You can get better at lying with more practice, a recent study suggests.
Researchers found that with a little training, people can learn to tell a lie more automatically and efficiently. It gets easier for folks to repeat the lies and becomes harder for them to differentiate deception from telling the truth.
The idea that lying becomes easier with more practice comes on the heels of news from the sports world of two high-profile athletes publicly admitting their tall tales. It's something cyclist Lance Armstrong and Notre Dame football player Manti Te'o may have both discovered while repeating their own lies about not using performance enhancing drugs or the "death" of Te'o's fake online girlfriend even after learning he was the victim of a hoax.
In this small study, published in the journal Frontiers in Cognitive Science, scientists looked at whether lying can be trained to become more automatic and a less demanding task for the brain. The research involved 48 college students from China who were assigned to either an instruction group, a training group, or a control group.
After all groups completed a task for the first time, the instruction group was told to speed up their deceptive responses and make fewer errors during their second attempt. The training group was also told to speed up their deceptive responses and make fewer errors, but they also received more practice and were given more time to prepare their lies. The control group simply repeated the task for a second time.

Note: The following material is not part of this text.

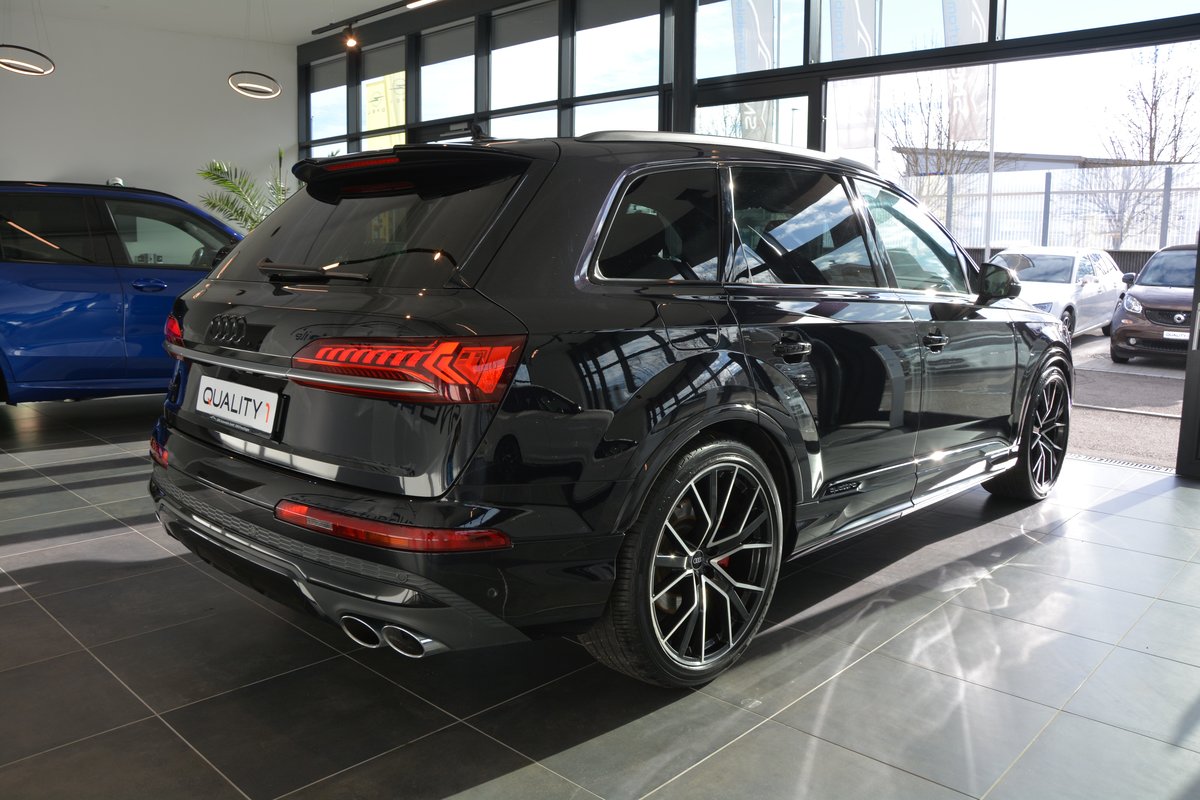 AUDI SQ7 TFSI quattro tiptronic, Petrol, Second hand / Used, Automatic - 6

Researchers noticed that the reaction time needed to tell lies was reduced in both the training and instruction groups. But the results also revealed that only the training group, who had the most practice telling lies, no longer took more time to be dishonest compared with telling the truth.
"We were surprised to find that lying is more malleable than previously thought," said study author Xiaoqing Hu, a doctoral candidate in psychology at Northwestern University in Evanston, Ill.
Simply asking the participants to speed up and make fewer errors when telling a lie enabled the participants to do so, he explained. "In other words, a strong motivation makes people a better liar."
Exactly how does lying become easier and more automatic with practice?
As Hu explained it, lying is usually accompanied by conflicting thoughts because people are mostly honest and genuine during social interactions.
But what he believed happened during his study is that as participants repeatedly practiced retrieving a dishonest response from their minds, the original conflicts and barriers to lying were reduced, and people became better at stretching the truth.
Previous research had claimed that lying is more cognitively demanding than being honest and lying cannot be made easier. The thinking was that constructing lies and keeping them straight in someone's head required more mental work, so people typically took a little longer to give false responses compared with giving honest answers, and they made more mistakes when fibbing.
Yet Hu's study results indicate that this may not necessarily be the case. He said that lying can be more multifaceted, and repeating a lie makes it more fluent or easier.
"People can also become good at deceiving themselves, which is similar to a repeated lie," Hu pointed out.
Although Hu admits he did not follow the Armstrong or Te'o news closely, his research findings seem to suggest that once you repeat lies often enough -- and especially when you have a good reason to do so, such as to maintain a positive self-image or to avoid punishment -- you may no longer feel that you are lying.
"Once people feel their lying is justified, they may no longer experience the moral or mental conflict," Hu said.